Mind you, as someone else mentioned, some folks spend 6 years in the industry and don't gain the knowledge and experience you already have, but that doesn't mean you've attained 6 years worth of knowledge and experience.

1 comments

I don't claim to be as good as someone with six years of experience (I'm not delusional). Nor am I claiming that there are no companies that need to hire senior engineers. I'm well aware of many types of problems for which I am not qualified to solve. What I am asking is, does EVERY company need to exclusively hire senior engineers? I've interviewed at companies whose product was not much more than a CRUD app, and, despite performing fairly well in a technical assessment, was rejected for lack of experience (even though they could see how much experience I had right on my resume).

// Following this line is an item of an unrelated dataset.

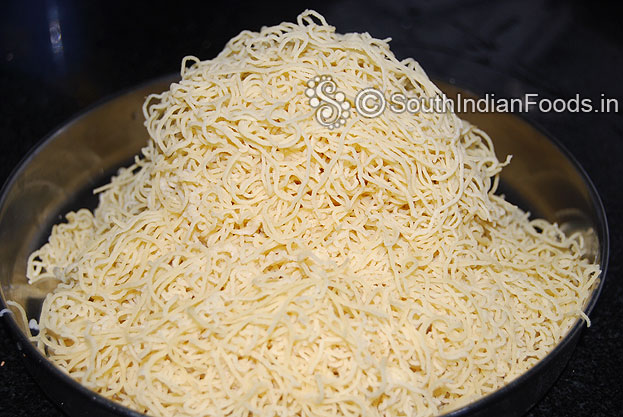 Transfer squeezed thinai idiyappam to a plate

Most companies don't need the best of the best of the best. They can save a lot of time and money by hiring someone who, with just a little bit of investigation, they know is going to come in with some decent technical skills, and can quickly learn to become a valuable asset.

Companies with that mindset invest heavily in interns: you get a three-month work sample in your working environment & can (initially) offer them less than an experienced engineer.

Most companies have problems they needs solving right now or in the near future, not when an intern gets experienced enough to tackle it.

> come in with some decent technical skills, and can quickly learn to become a valuable asset

This sounds like you described a consultant.